----- THE INPUT
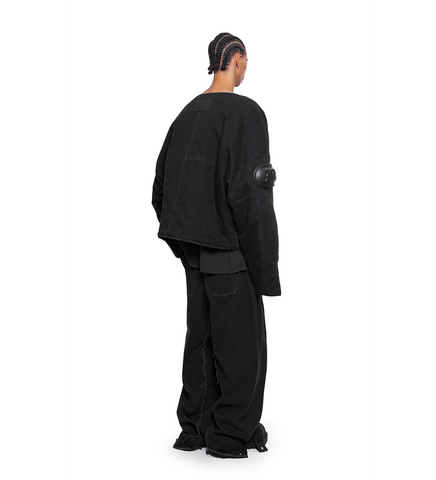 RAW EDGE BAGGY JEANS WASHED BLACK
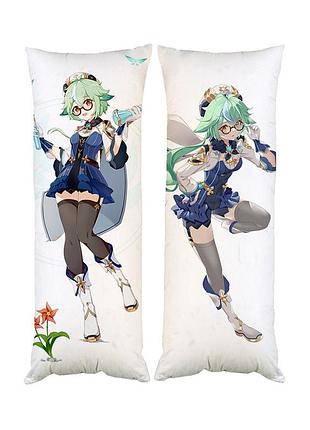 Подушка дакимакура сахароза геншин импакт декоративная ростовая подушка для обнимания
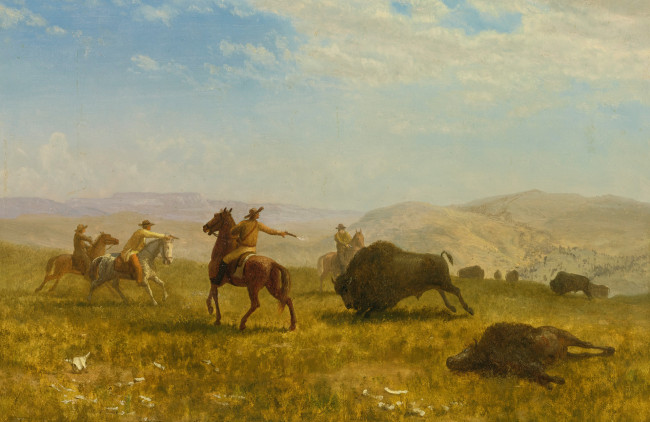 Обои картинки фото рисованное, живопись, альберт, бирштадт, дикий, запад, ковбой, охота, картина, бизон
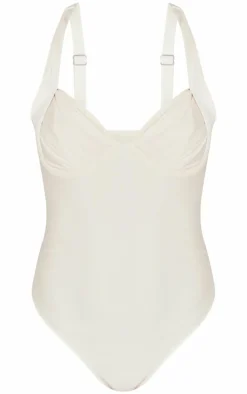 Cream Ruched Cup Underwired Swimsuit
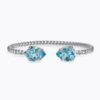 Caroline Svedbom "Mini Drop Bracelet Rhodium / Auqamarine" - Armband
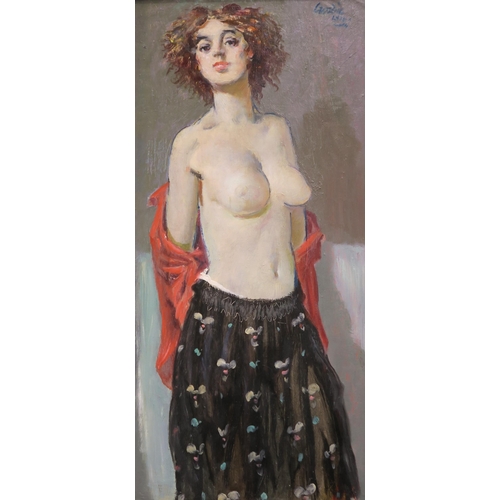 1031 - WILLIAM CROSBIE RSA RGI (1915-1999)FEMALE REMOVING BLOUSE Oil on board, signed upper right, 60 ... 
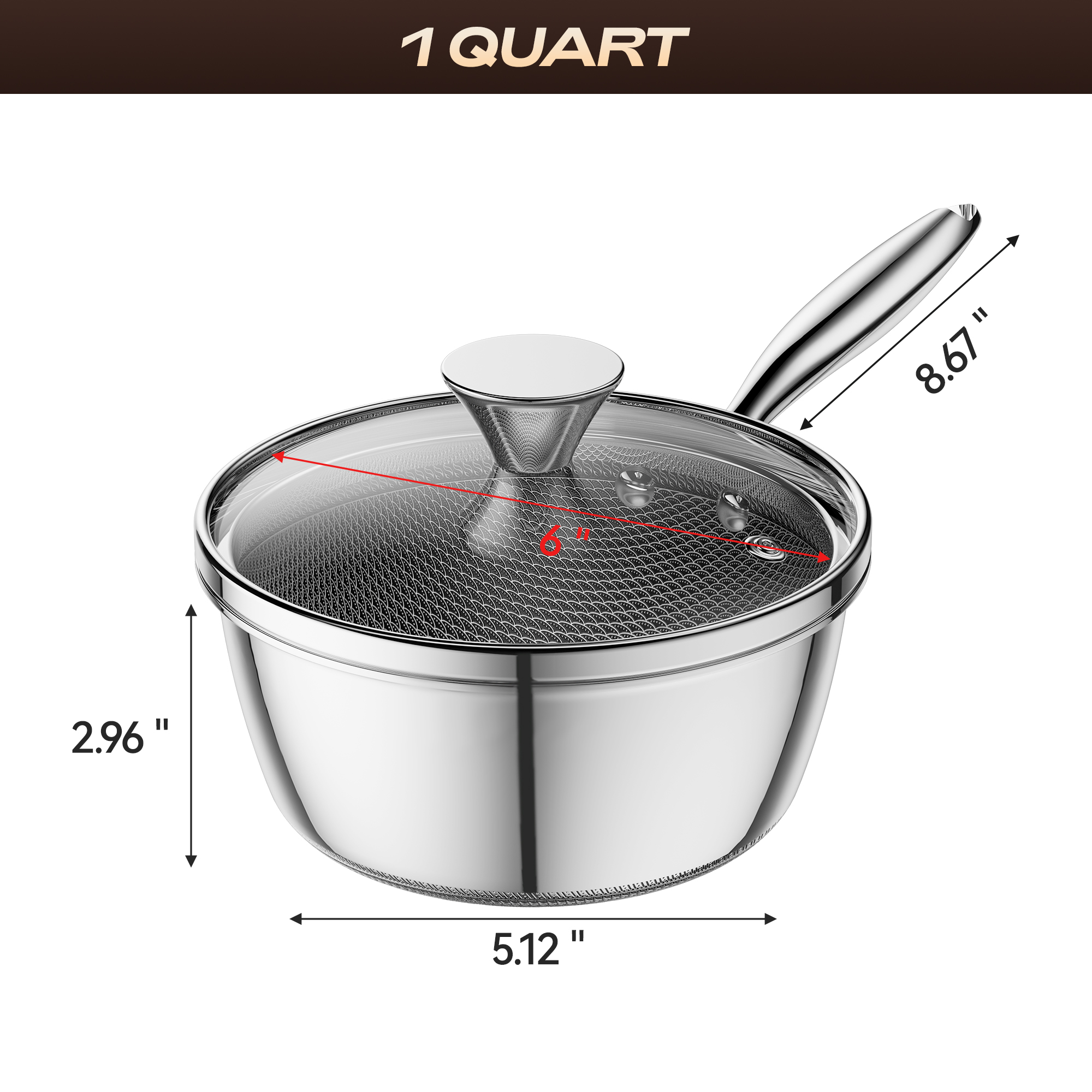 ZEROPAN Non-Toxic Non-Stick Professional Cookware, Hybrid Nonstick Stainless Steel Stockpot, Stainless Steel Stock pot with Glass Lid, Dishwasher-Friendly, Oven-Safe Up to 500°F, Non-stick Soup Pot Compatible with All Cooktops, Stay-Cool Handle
----------
# YOUR OBJECTIVE
Reproduce the data above exactly, but only the lines from the one showing "Подушка дакимакура сахароза" through the one showing "1031 - WILLIAM", with both ends kept and the pictures left out.

# OUTPUT
 Подушка дакимакура сахароза геншин импакт декоративная ростовая подушка для обнимания
 Обои картинки фото рисованное, живопись, альберт, бирштадт, дикий, запад, ковбой, охота, картина, бизон
 Cream Ruched Cup Underwired Swimsuit
 Caroline Svedbom "Mini Drop Bracelet Rhodium / Auqamarine" - Armband
 1031 - WILLIAM CROSBIE RSA RGI (1915-1999)FEMALE REMOVING BLOUSE Oil on board, signed upper right, 60 ... 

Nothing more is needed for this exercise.